··· RECORD EXTRACTS

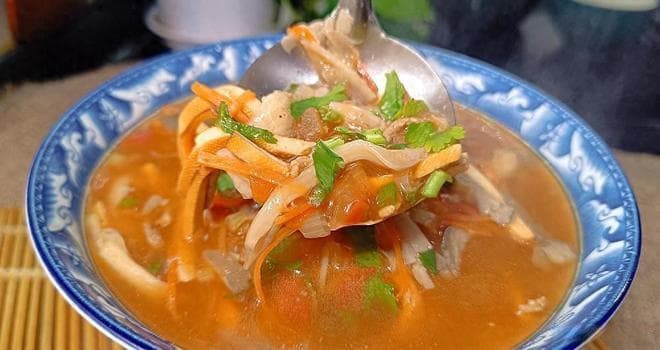 教你酸辣汤的家常做法，营养好吃特别开胃，在家也能做出饭店味道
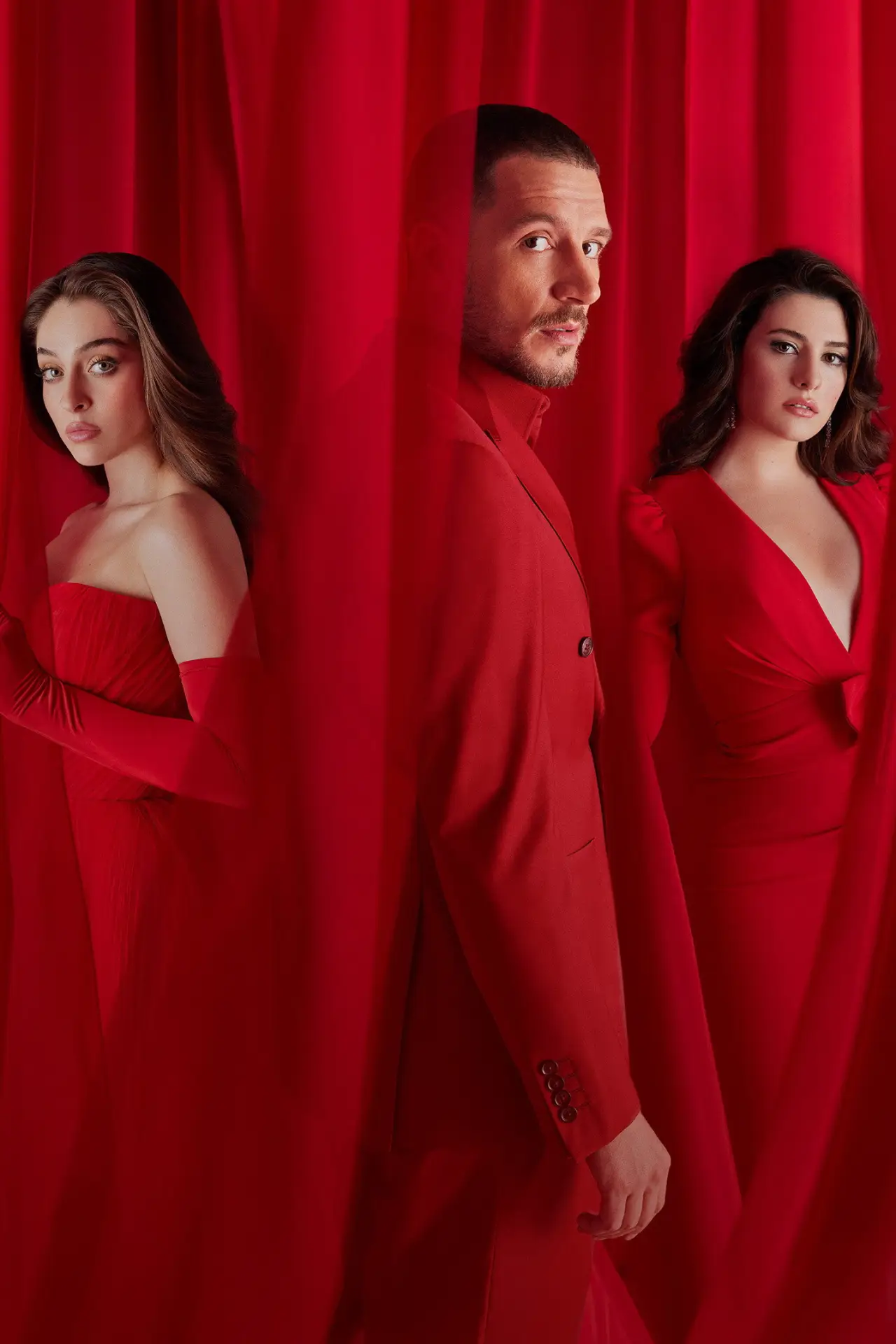 Series poster "Sakla Beni"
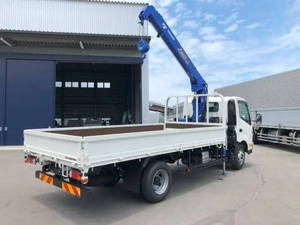 Dutro Truck (With 4 Steps Of Cranes)_2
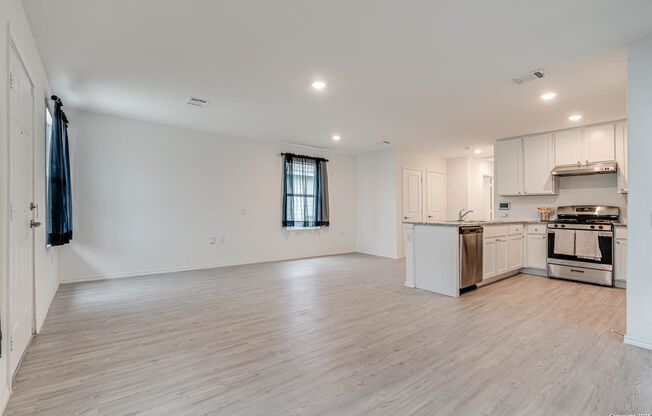 Super cute 3 Bedroom 2 Bath Home Southside San Antonio Area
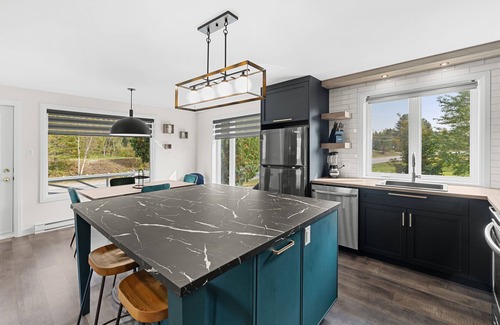 Riviere-a-Pierre Ski Chalet | Tranquil Retreat by Lake Beaupré: Pet-Friendly Getaway
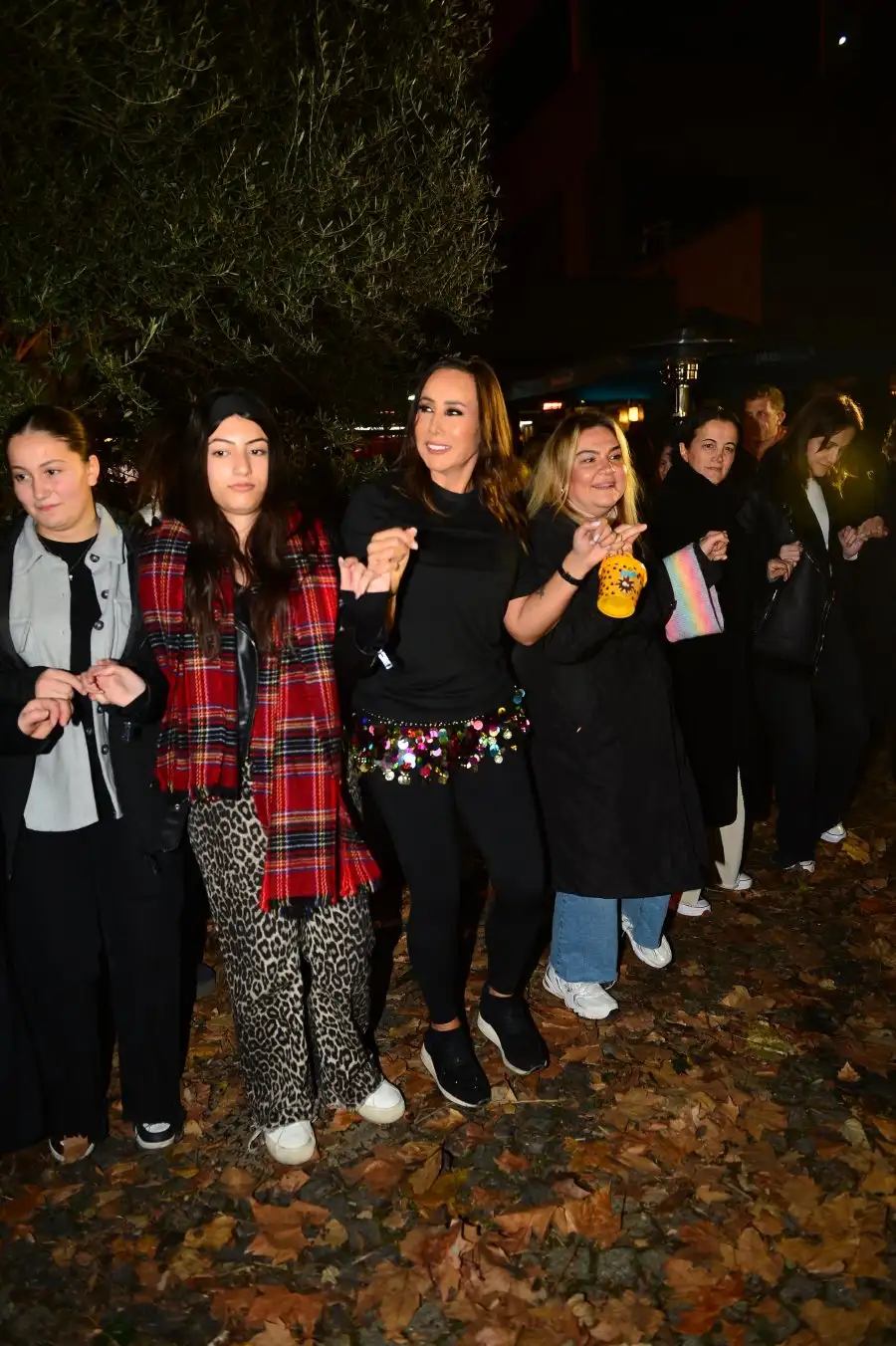 Asena ile özgürce dans ettiler 3 asenadere1 Asena ile özgürce dans ettiler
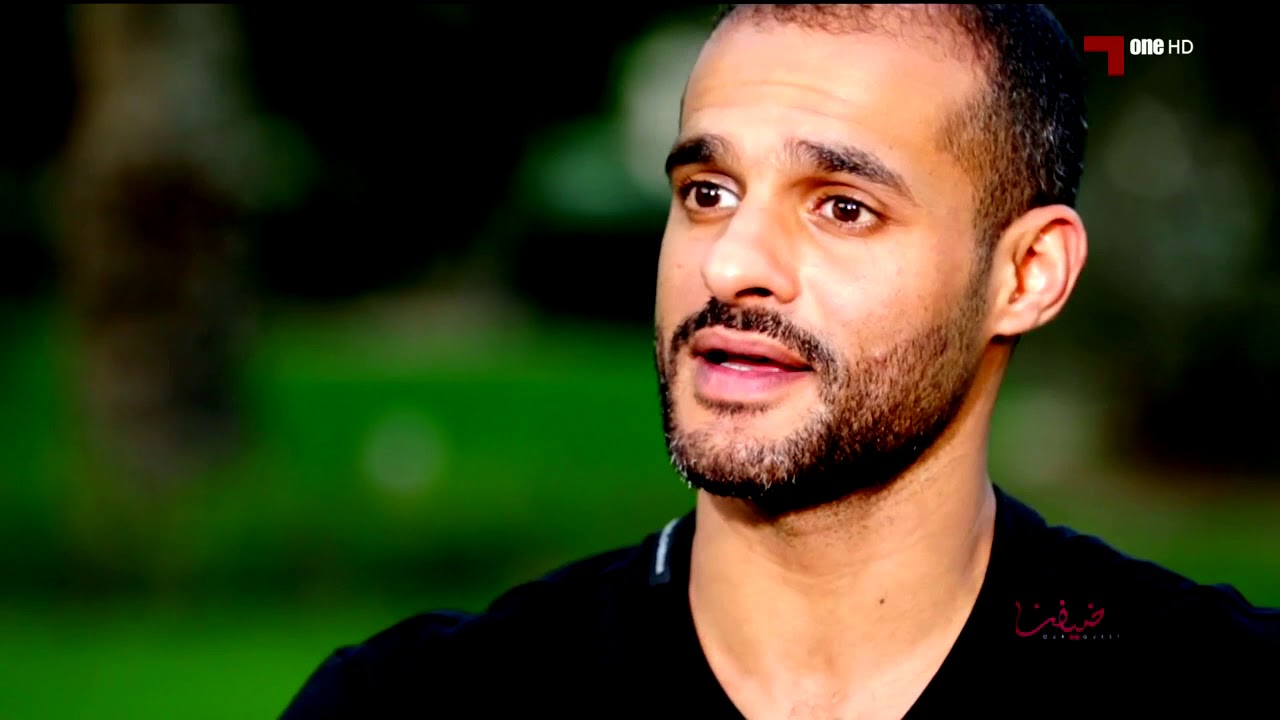 شاهد فقرة اسئلة الجماهير مع بدر المطوع نجم منتخب الكويت عبر برنامج ضيفنا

······

TRY IT
Write out an exact reproduction of the lines from the line that holds "Super cute 3" to the bottom of the listing above, both ends included. Exclude pictures.

RESPONSE TO THE TASK
 Super cute 3 Bedroom 2 Bath Home Southside San Antonio Area
 Riviere-a-Pierre Ski Chalet | Tranquil Retreat by Lake Beaupré: Pet-Friendly Getaway
 Asena ile özgürce dans ettiler 3 asenadere1 Asena ile özgürce dans ettiler
 شاهد فقرة اسئلة الجماهير مع بدر المطوع نجم منتخب الكويت عبر برنامج ضيفنا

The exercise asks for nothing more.